62’nci Uluslararası Antalya Altın Portakal Film Festivali’nin Ulusal Uzun Metraj Yarışma filmlerinden “Erken Kış”, Atatürk Kültür Merkezi (AKM) Aspendos Salonu’nda yapılan gösterimiyle seyirciyle buluştu. Gösterim sonrası düzenlenen söyleşiye filmin yönetmeni Özcan Alper, senarist Uğur Aydedim, yapımcılar Emre Oskay ve Soner Alper, kurgucu İsmet Araç ve oyuncu Leyla Tanar katıldı.
“Kafkasya’da bir ev arayışı: Öksüzlük, yersizlik, imkânsızlık”
“Erken Kış”, İstanbullu üst düzey bir çiftin, Gürcü ve Ukrayna kökenli bir sanatçının taşıyıcı anneliğiyle çocuk sahibi olma sürecini, savaşın gölgesinde ve karanlık bir dünya fonunda anlatıyor. Yönetmen Özcan Alper, filmin kendi filmografisindeki yerini şu sözlerle anlattı: “Daha önce büyük toplumsal hikâyelerin içinde bireysel hikâyeler anlattım. Bu filmde de o tema sürüyor ama bu kez Kafkasya’dayız. Tüm dünyayı ilgilendiren bir savaşın ortasında bir ev arayışını konu aldım. Öksüzlük, yersizlik ve imkânsızlık yine filmin merkezinde. Kapitalizmin en vahşi örneklerinden biriyle, dokuz ay karnında taşıdığın çocuğundan ayrılma fikriyle yola çıktık.”
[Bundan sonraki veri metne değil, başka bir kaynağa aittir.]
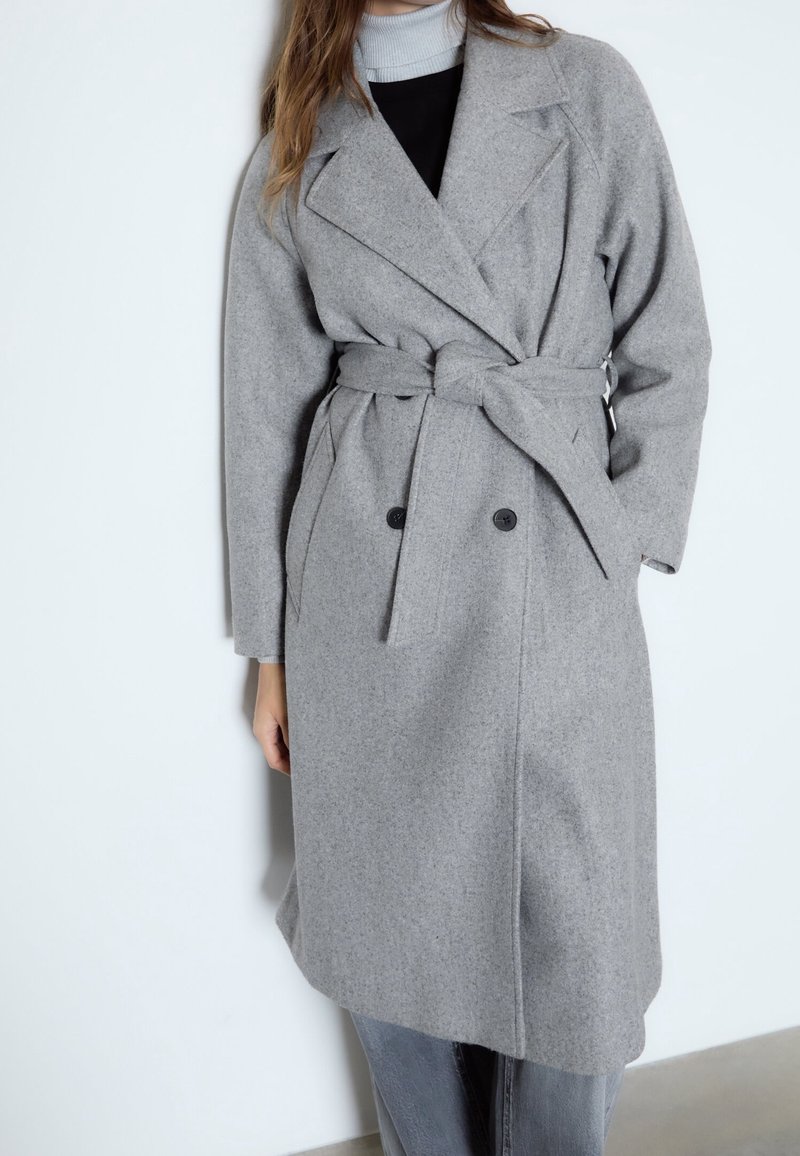 Femme portant un manteau en laine gris ceinturé, arrivant aux genoux, par-dessus un haut à col roulé noir et gris clair, debout contre un mur blanc.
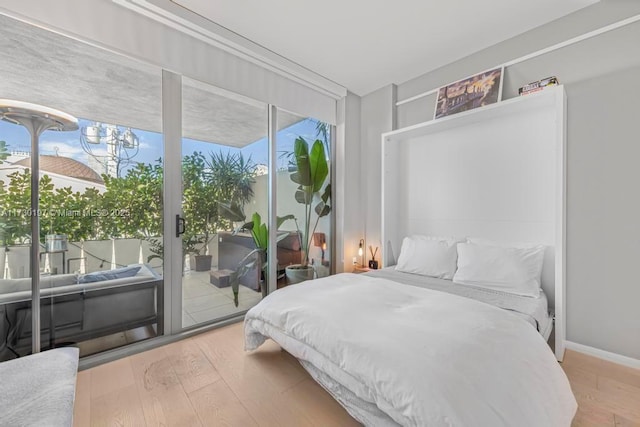 bedroom featuring hardwood / wood-style floors and access to outside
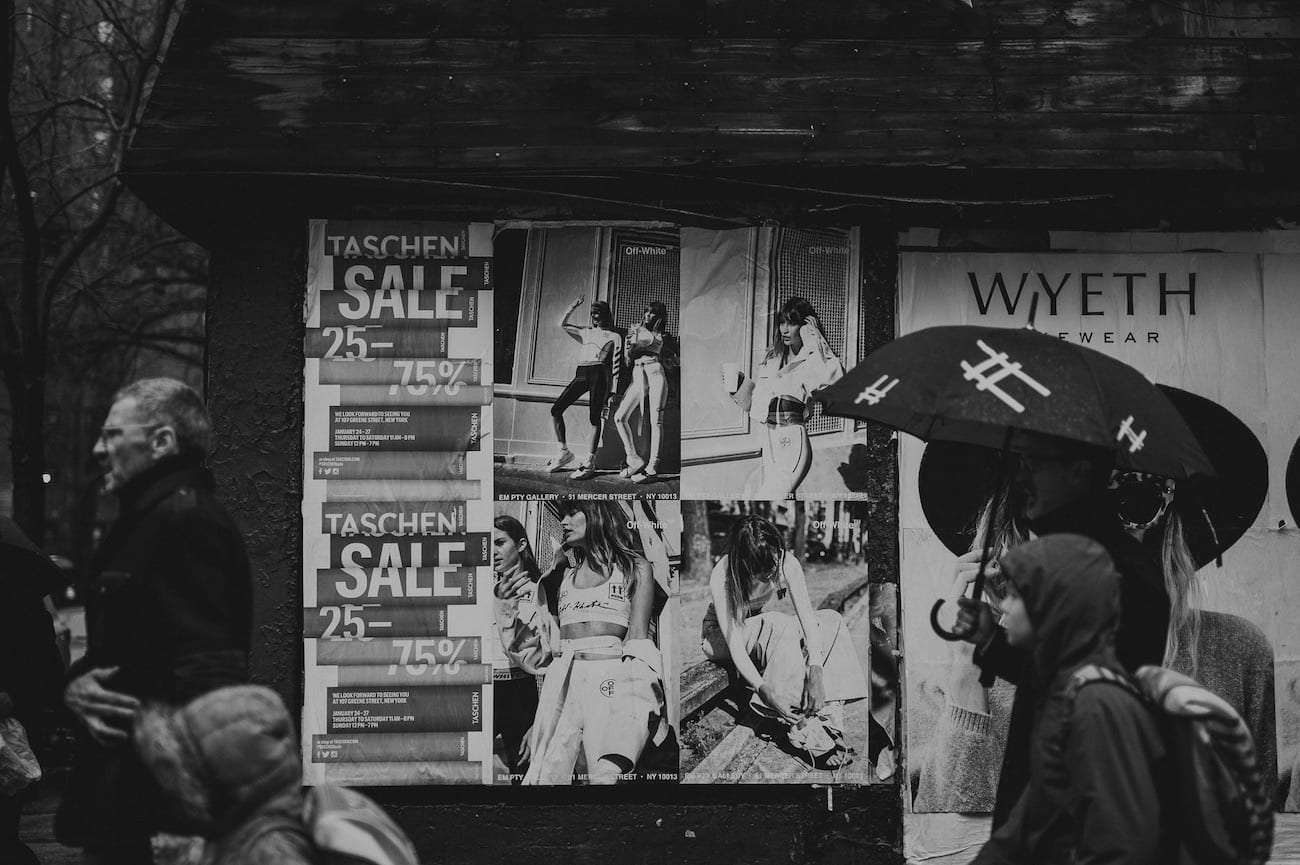 Black and white photo of a group of people walking past a bunch of billboards relating to fashion.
Alper, filmin coğrafyadan beslendiğini vurguladı: “Ben hep Kafkas filmi yapıyorum diyebilirim. Çünkü doğduğum yerden, o kültürden besleniyorum. Filmin rengini, tonunu ve hikayesini belirleyen şey coğrafyadır.”

“Yusuf’tan Ferhat’a: Bedel ödeyen idealistler”
Yönetmene, ilk uzun metrajı “Sonbahar”ın karakteri Yusuf ile “Erken Kış”ın baş karakteri Ferhat arasındaki benzerlikler sorulduğunda Alper şöyle yanıt verdi: “Aynı memleketten çıkan, aynı üniversitede okuyan karakterler olarak düşündük. Türkiye’de idealist insanlar hep bedel ödemek zorunda kalıyor. Ferhat da idealleri olan ama zamanla parayla kendi hapishanesini kuran biri. Sadece siyasal değil, düşünsel bir muhafazakârlaşma yaşıyoruz. Her şeyin cevabını arıyoruz ama bazen cevap yoktur. İşte o yüzden sinema, edebiyat, müzik vardır.”

“Erken Kış’ta doğallığın içindeydik”
Filmin başrol oyuncusu Leyla Tanar, çekim sürecinin temposunu ve doğallığını şu sözlerle anlattı: “Sette her şey doğaldı. Sabah kalkıyorum, saçımı yıkayıp ıslak saçla sete gidiyorum. Bazen hangi sahneyi çekeceğimizi bile bilmeden arabada hazırlanıyorduk. Yönetmenimiz ‘Leyla saçını topla, sahneyi çekiyoruz’ diyordu. O doğallığın içinde oynamak inanılmaz bir deneyimdi. Artık dizilere döndüğümde o duyguyu bulmakta zorlanıyorum.”